Though the entries contain pictures, the copy you make should hold only the rest, exactly as written.

(Source records)
'''
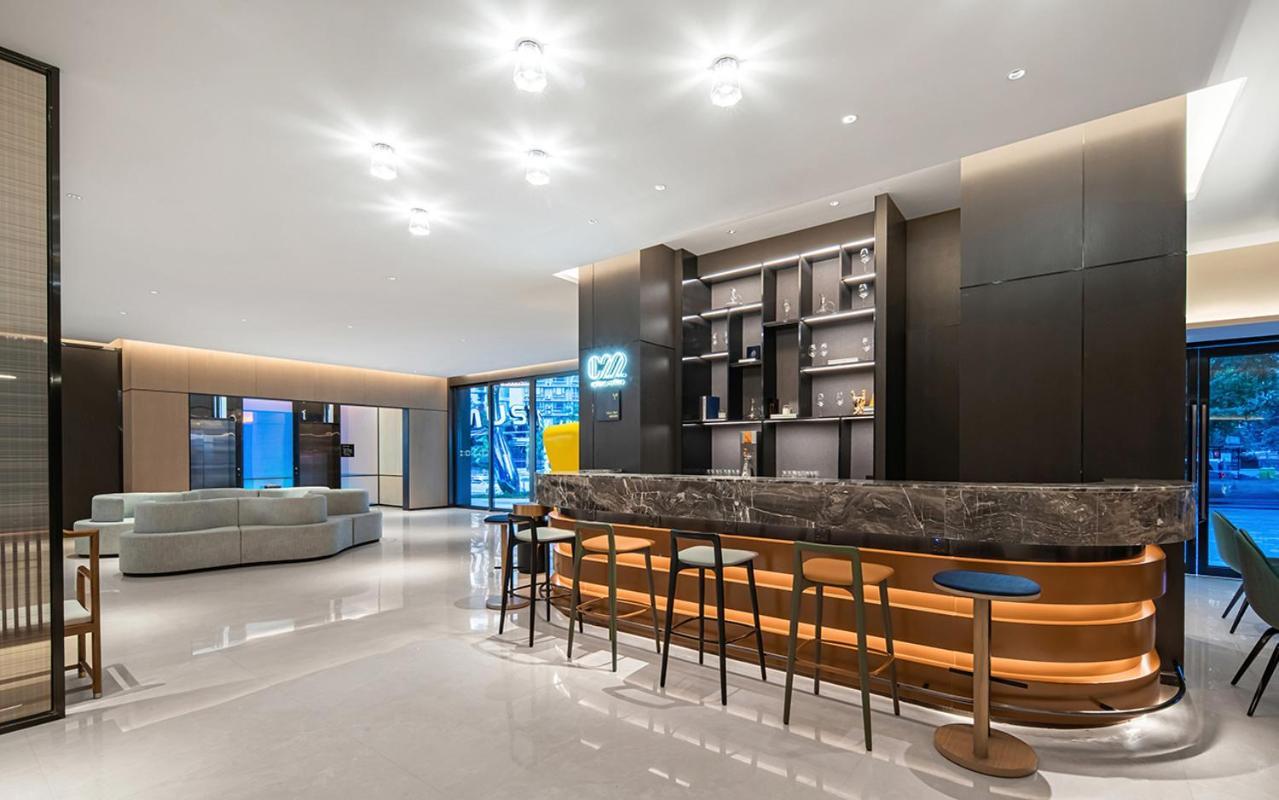 The Mustel Hotel Chongqing Hongyadong Экстерьер фото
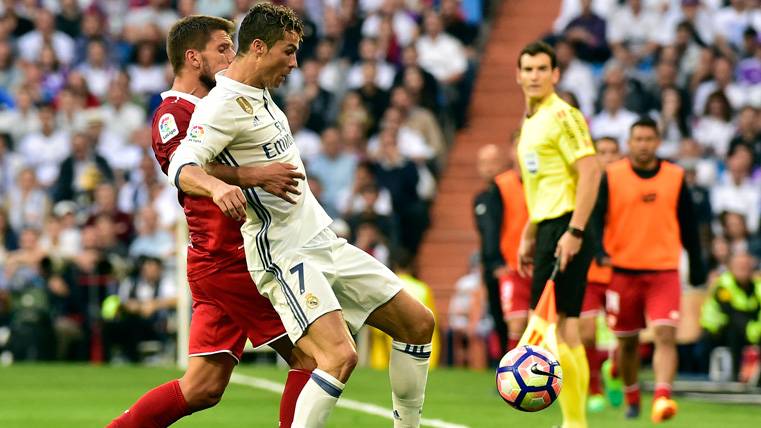 The aggression of Cristiano Ronaldo that it was not sanctioned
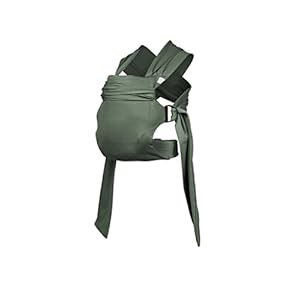 Lalabu Simple Baby Wrap | Forget The Complex Baby Sling Wrap, Grab a Simple No-Tie, Comfortable & Easy-to-Use Lalabu Baby Wearing Wrap | Infant Baby Carrier Wrap for 3 Months – 2 Years (Fern)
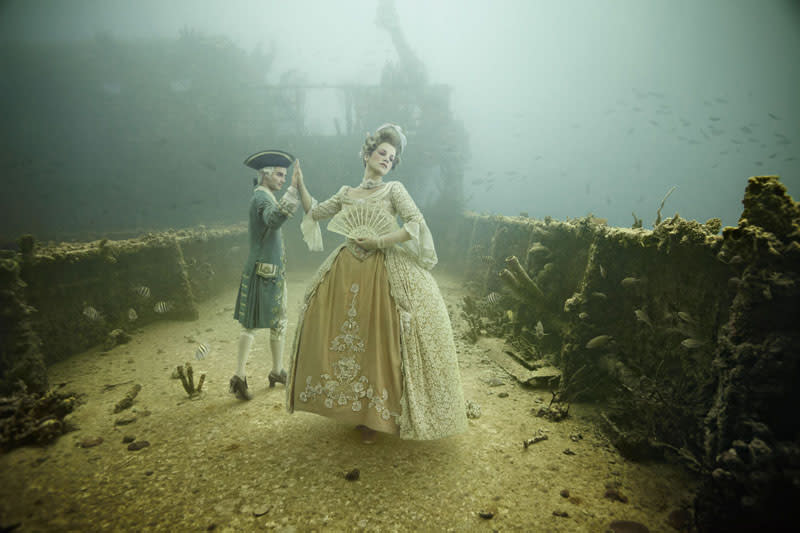 Andreas Franke's Underwater Art Exhibition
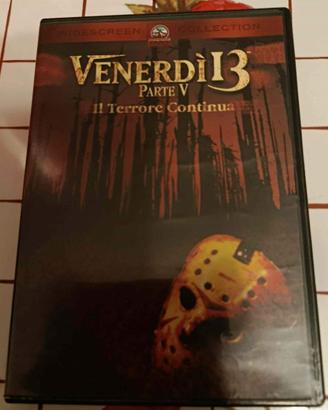 Venerdì 13 Parte V - Il Terrore Continua (DVD)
'''
Task answer:
 The Mustel Hotel Chongqing Hongyadong Экстерьер фото
 The aggression of Cristiano Ronaldo that it was not sanctioned
 Lalabu Simple Baby Wrap | Forget The Complex Baby Sling Wrap, Grab a Simple No-Tie, Comfortable & Easy-to-Use Lalabu Baby Wearing Wrap | Infant Baby Carrier Wrap for 3 Months – 2 Years (Fern)
 Andreas Franke's Underwater Art Exhibition
 Venerdì 13 Parte V - Il Terrore Continua (DVD)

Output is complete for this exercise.